Reading a file again incorrectly restricts to subset of schema
ingomueller-net opened this issue · 5 comments
Thanks a lot for the great project!
I ran into a bug that happens when reading the same file twice. The following programs exhibits the problem:
import argparse
import pyspark.sql
parser = argparse.ArgumentParser()
parser.add_argument('-i', '--input', help='Input ROOT file')
parser.add_argument('-t', '--tree', help='Name of tree to open', default='Events')

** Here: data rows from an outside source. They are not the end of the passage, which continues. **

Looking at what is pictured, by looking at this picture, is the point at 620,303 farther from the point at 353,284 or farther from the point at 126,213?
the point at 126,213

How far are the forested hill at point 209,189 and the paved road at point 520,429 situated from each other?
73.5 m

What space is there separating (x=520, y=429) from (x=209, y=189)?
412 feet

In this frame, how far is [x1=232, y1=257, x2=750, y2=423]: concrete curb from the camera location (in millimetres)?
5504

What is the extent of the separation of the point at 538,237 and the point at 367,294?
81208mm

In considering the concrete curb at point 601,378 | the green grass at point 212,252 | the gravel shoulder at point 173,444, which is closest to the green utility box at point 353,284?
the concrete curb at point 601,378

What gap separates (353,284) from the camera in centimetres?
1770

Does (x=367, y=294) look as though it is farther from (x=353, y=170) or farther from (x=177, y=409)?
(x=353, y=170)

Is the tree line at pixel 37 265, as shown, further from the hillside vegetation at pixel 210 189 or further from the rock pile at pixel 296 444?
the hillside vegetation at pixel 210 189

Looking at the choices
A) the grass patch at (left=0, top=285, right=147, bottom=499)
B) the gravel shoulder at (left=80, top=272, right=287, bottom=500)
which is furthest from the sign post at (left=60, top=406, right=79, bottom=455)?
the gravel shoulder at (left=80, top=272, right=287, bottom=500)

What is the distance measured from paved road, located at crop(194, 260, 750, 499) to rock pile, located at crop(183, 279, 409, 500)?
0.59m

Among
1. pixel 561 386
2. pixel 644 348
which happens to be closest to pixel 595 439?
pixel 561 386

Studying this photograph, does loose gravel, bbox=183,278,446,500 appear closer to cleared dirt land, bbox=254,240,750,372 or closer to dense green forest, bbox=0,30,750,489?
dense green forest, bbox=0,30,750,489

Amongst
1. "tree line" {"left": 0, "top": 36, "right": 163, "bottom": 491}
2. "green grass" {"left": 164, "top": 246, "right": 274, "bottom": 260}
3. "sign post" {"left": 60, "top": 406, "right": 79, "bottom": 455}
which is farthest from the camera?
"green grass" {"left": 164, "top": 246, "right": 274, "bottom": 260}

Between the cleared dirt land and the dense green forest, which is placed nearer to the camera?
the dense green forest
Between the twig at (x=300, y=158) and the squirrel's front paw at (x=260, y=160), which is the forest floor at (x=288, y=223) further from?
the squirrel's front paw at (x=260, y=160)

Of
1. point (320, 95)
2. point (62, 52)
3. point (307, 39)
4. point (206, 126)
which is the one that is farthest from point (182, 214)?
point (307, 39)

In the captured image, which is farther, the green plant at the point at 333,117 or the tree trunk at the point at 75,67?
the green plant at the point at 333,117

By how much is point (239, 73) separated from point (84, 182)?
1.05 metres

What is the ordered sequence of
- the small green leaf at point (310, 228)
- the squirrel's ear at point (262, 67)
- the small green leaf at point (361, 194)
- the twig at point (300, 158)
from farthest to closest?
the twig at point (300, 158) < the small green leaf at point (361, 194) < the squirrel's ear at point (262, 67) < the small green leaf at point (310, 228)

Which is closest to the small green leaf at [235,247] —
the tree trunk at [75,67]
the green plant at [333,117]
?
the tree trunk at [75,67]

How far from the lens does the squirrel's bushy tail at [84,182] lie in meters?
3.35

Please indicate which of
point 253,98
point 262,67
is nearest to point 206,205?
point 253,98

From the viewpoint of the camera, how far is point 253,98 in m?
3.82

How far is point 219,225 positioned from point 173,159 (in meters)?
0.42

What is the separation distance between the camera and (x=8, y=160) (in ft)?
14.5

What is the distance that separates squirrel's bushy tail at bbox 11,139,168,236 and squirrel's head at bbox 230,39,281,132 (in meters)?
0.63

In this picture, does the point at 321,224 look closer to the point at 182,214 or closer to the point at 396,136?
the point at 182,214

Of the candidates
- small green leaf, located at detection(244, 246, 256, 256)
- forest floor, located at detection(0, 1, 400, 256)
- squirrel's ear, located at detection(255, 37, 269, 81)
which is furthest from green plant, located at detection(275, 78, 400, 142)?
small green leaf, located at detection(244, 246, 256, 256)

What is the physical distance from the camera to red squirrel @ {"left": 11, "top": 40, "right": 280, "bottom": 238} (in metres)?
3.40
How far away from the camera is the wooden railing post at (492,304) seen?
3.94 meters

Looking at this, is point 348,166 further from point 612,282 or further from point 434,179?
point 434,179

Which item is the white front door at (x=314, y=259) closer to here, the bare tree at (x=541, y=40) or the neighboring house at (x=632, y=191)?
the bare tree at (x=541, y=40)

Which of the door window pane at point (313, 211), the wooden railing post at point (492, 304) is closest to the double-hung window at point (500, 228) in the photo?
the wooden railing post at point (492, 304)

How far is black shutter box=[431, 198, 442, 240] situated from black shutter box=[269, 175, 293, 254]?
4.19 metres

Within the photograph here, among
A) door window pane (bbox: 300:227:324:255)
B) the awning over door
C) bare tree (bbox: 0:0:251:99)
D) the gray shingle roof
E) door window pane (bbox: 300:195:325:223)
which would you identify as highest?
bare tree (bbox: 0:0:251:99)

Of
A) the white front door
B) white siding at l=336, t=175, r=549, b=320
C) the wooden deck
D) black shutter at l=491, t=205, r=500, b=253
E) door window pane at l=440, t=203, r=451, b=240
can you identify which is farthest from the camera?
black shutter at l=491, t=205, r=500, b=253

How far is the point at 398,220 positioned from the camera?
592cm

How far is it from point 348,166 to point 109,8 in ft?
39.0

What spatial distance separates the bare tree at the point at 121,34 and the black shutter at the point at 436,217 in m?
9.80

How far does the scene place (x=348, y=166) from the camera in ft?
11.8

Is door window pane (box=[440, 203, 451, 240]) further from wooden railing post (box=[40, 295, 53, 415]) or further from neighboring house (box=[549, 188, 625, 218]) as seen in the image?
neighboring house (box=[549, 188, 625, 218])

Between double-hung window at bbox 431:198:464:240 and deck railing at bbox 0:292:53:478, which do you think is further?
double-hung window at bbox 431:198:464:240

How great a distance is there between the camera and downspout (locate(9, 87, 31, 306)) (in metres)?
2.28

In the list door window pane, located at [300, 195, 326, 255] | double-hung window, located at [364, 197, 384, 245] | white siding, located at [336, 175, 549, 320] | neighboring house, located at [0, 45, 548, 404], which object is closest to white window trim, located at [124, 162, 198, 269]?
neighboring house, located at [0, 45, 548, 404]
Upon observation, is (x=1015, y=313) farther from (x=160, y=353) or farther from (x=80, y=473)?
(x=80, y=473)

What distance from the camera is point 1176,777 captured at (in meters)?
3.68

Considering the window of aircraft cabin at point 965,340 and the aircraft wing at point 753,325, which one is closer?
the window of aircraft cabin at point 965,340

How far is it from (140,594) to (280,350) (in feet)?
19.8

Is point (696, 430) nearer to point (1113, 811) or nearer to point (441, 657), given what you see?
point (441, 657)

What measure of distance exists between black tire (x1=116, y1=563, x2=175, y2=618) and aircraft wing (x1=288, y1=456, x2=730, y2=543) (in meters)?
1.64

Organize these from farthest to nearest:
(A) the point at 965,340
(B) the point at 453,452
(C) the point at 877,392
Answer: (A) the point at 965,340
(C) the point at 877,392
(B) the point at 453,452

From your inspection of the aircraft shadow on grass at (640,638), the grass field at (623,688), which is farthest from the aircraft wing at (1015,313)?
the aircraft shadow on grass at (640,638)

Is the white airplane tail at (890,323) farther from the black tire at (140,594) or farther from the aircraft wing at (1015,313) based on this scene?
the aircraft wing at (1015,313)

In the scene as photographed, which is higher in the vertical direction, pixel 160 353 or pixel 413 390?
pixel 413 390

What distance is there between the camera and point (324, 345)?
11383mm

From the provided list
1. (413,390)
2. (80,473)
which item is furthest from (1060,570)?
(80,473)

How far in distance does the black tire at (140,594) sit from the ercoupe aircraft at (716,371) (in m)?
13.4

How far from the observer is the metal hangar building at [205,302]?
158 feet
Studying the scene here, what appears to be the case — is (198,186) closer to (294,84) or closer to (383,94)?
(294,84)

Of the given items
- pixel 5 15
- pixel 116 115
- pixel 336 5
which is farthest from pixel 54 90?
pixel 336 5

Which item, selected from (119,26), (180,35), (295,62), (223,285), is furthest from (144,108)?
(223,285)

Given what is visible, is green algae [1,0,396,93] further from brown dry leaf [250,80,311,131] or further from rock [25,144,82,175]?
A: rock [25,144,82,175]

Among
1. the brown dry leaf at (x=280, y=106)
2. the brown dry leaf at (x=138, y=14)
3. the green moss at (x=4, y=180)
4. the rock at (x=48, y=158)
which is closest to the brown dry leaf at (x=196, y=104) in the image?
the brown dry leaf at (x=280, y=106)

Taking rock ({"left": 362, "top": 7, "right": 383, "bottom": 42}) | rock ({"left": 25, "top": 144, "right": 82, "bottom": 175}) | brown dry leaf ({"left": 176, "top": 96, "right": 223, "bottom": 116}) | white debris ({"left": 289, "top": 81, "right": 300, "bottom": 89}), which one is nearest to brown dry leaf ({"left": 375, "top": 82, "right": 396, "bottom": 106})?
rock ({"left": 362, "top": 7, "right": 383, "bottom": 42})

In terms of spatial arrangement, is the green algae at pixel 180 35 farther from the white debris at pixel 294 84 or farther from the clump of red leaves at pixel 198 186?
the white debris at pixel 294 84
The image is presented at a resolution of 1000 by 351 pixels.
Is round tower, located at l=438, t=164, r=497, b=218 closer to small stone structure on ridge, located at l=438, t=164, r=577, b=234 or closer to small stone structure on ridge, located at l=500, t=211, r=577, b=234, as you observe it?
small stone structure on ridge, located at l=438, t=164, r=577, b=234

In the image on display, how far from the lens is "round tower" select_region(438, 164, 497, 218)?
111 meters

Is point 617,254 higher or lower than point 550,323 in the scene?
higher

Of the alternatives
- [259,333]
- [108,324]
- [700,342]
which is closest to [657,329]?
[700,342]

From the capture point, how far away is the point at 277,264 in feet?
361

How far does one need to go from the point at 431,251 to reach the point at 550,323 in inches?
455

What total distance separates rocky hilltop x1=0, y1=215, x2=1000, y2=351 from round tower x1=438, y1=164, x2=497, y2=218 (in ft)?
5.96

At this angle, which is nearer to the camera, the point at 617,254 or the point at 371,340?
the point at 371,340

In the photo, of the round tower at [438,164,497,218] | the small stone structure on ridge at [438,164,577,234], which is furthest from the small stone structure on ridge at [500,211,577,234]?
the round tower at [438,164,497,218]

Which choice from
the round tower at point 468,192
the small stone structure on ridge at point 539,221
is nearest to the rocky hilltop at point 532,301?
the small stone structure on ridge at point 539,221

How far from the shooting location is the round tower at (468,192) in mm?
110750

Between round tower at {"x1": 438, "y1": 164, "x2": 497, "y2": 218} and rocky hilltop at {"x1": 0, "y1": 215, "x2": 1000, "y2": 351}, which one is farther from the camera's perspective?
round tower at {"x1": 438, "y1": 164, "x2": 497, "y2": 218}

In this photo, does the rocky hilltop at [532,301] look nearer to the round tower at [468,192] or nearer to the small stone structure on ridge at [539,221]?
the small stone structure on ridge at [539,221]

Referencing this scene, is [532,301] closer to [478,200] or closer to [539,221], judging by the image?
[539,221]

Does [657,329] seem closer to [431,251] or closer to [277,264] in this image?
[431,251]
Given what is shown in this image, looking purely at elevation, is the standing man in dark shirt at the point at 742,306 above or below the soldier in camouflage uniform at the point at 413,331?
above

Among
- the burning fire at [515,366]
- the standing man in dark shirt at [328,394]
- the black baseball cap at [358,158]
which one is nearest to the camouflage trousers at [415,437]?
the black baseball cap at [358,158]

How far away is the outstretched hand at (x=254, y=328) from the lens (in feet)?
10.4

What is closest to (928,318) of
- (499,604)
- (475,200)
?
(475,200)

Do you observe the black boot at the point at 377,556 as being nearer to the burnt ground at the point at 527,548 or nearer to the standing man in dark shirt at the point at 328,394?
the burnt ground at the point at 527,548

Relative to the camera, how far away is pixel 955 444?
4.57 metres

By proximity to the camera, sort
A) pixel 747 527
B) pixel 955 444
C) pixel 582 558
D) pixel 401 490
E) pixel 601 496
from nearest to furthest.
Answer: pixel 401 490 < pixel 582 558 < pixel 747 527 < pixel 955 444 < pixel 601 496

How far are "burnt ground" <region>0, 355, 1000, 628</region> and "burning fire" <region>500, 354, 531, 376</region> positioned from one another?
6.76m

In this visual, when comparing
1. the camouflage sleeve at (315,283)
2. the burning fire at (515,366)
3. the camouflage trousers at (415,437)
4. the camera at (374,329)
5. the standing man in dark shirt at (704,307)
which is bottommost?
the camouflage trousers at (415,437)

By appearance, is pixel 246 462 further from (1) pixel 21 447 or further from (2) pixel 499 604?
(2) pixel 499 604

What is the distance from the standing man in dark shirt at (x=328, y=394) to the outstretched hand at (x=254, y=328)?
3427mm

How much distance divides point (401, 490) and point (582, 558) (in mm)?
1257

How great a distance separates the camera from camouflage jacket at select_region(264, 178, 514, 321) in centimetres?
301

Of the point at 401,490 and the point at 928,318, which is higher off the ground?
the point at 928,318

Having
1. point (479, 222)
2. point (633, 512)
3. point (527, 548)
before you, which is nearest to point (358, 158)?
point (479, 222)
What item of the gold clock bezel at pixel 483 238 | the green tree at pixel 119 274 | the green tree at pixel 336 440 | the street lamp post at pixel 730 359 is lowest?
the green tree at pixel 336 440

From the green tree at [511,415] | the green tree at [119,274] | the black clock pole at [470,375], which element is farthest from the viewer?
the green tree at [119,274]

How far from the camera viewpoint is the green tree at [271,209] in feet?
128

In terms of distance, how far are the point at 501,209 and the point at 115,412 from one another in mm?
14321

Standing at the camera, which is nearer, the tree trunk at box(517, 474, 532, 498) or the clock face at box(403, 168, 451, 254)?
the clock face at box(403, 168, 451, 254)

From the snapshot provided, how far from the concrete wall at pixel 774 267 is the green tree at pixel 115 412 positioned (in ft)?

args = parser.parse_args()
spark = pyspark.sql.SparkSession.builder \
.config('spark.jars.packages', 'edu.vanderbilt.accre:laurelin:1.0.0') \
.getOrCreate()
sc = spark.sparkContext
df = spark.read.format('root') \
.option('tree', args.tree) \
.load(args.input)
df.printSchema()
df.select('Int32').show()
#df = spark.read.format('root') \
# .option('tree', args.tree) \
# .load(args.input)
df.select('Int64').show()
You run it as follows (using uproot-small-flat-tree.root
from this repository).
spark-submit \
--packages edu.vanderbilt.accre:laurelin:1.0.0 \
hello-world.py -i uproot-small-flat-tree.root -t tree
If executed as is, the program prints the top 20 rows of the Int32
and Int64
columns, respectively. If you uncomment the three lines towards the end, which read the file anew, the following error is thrown:
Traceback (most recent call last):
File "/home/muellein/git/root-playground/laurelin/python/hello-world.py", line 24, in <module>
df.select('Int64').show()
File "/mnt/scratch/muellein/download/spark-2.4.4-bin-hadoop2.7/python/lib/pyspark.zip/pyspark/sql/dataframe.py", line 1321, in select
File "/mnt/scratch/muellein/download/spark-2.4.4-bin-hadoop2.7/python/lib/py4j-0.10.7-src.zip/py4j/java_gateway.py", line 1257, in __call__
File "/mnt/scratch/muellein/download/spark-2.4.4-bin-hadoop2.7/python/lib/pyspark.zip/pyspark/sql/utils.py", line 69, in deco
pyspark.sql.utils.AnalysisException: u"cannot resolve '`Int64`' given input columns: [Int32];;\n'Project ['Int64]\n+- RelationV2 root[Int32#44] (Options: [tree=tree,path=../../testdata/small-flat-tree.root,paths=[]])\n"
It seems like something caches the restriction on a subset of the schema.
The same happens when using the library in Java.
Thanks a lot, Andrew! Very appreciated.
I've made a 1.0.1 with a fix for this .. it should propagate to maven central in the next hour or two.
Awesome, thanks for the quick fix!
Wonderful, that was fast! We'll try this out.